Ese bonito mundo feliz de la seguridad militar que promete la Administración de Bush aboca al mundo a un precipicio de peligros, precisamente sustituyendo la lógica de los tratados por la de la guerra. No es lo menos importante que recaiga sobre las espaldas de los soldados estadounidenses una carga que sólo pueden llevar los tratados, que se fundamentan en la confianza: el desarme controlado de armas atómicas y químicas. En ninguna parte se hace esto más evidente que en los planes para una guerra contra la encarnación del 'mal', Sadam Husein, quien -según Bush- dispone de la capacidad de producir armas químicas y biológicas y de emplearlas contra los soldados estadounidenses cuando intervengan. Mientras el Gobierno de Bush se prepara para la guerra contra Irak, ha devaluado, deformado o rechazado todos los tratados y fundamentos que prohíben o pretenden eliminar estas armas mortíferas y que ahora, en caso de guerra, amenazan a los mismos soldados de EE UU. Incluso en el caso ideal de una victoria con un número limitado de bajas en el bando propio y 'daños colaterales' no registrados en el bando contrario, se habría alcanzado muy poco en cuanto a la difusión de las armas mortíferas de masas, salvo que se recurra a los medios ya comprobados de los acuerdos internacionales y los controles e inspecciones: sin unas Naciones Unidas eficaces no hay seguridad interior posible de los EE UU.
Es un hecho que el peligro terrorista, al igual que los peligros que crean las armas químicas, biológicas y nucleares, presenta siempre dos opciones: la opción de la guerra y la del acuerdo, es decir, el reforzamiento del mandato de los tratados internacionales para poder llevar a efecto la eliminación de las armas de aniquilación masiva. Esta ocasión de que los inspectores de Naciones Unidas pillen a Sadam Husein, como quien dice, con el Colt todavía humeante, y así desarrollar mejor el sistema de inspección internacional, se desperdiciaría por culpa del ataque militar preventivo.

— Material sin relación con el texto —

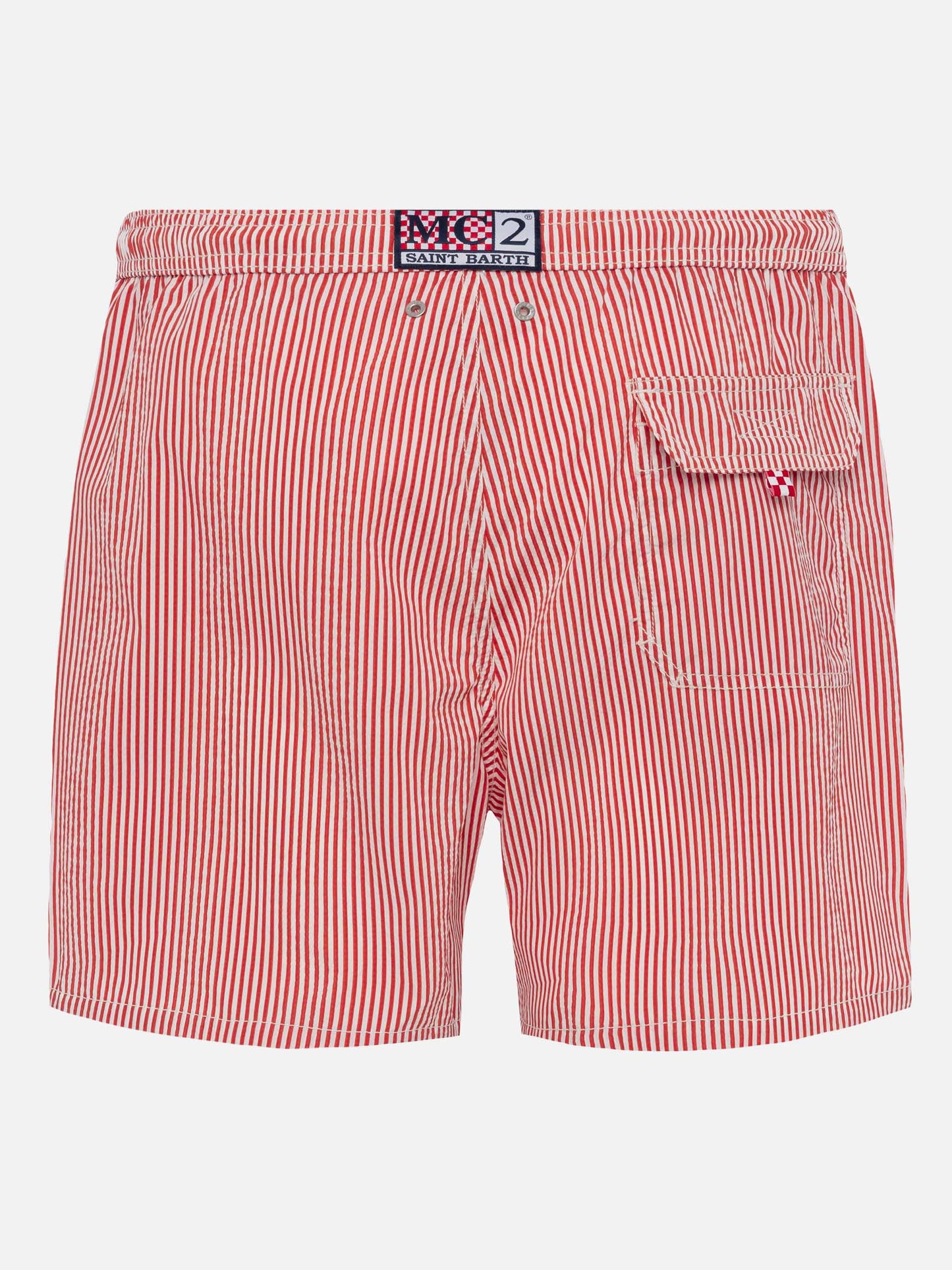 Seersucker Badeshorts Patmos mit roten Streifen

Como los EE UU rechazan estrictamente someterse ellos mismos a las normas de desarme que a su vez exigen de los demás países, en caso necesario por la fuerza militar, destruyen la arquitectura de seguridad basada en los tratados, la única que, en último término, puede ofrecer también al ciudadano de EE UU una garantía de seguridad interior. El principio de haz la guerra, no la ley también se refleja en las prioridades del presupuesto estadounidense. Se dedica mucho más dinero al sistema de defensa antimisiles que los que tiene a su disposición el Ministerio de Asuntos Exteriores. Por cada dólar que gasta el Gobierno de EE UU en el sistema de defensa antimisiles dedica 25 centavos a programas cooperativos destinados a combatir los peligros nucleares. Se gasta cinco veces más recursos en la reiniciación de pruebas con bombas nucleares que en programas cuyo fin es el control de la difusión de sustancias atómicas.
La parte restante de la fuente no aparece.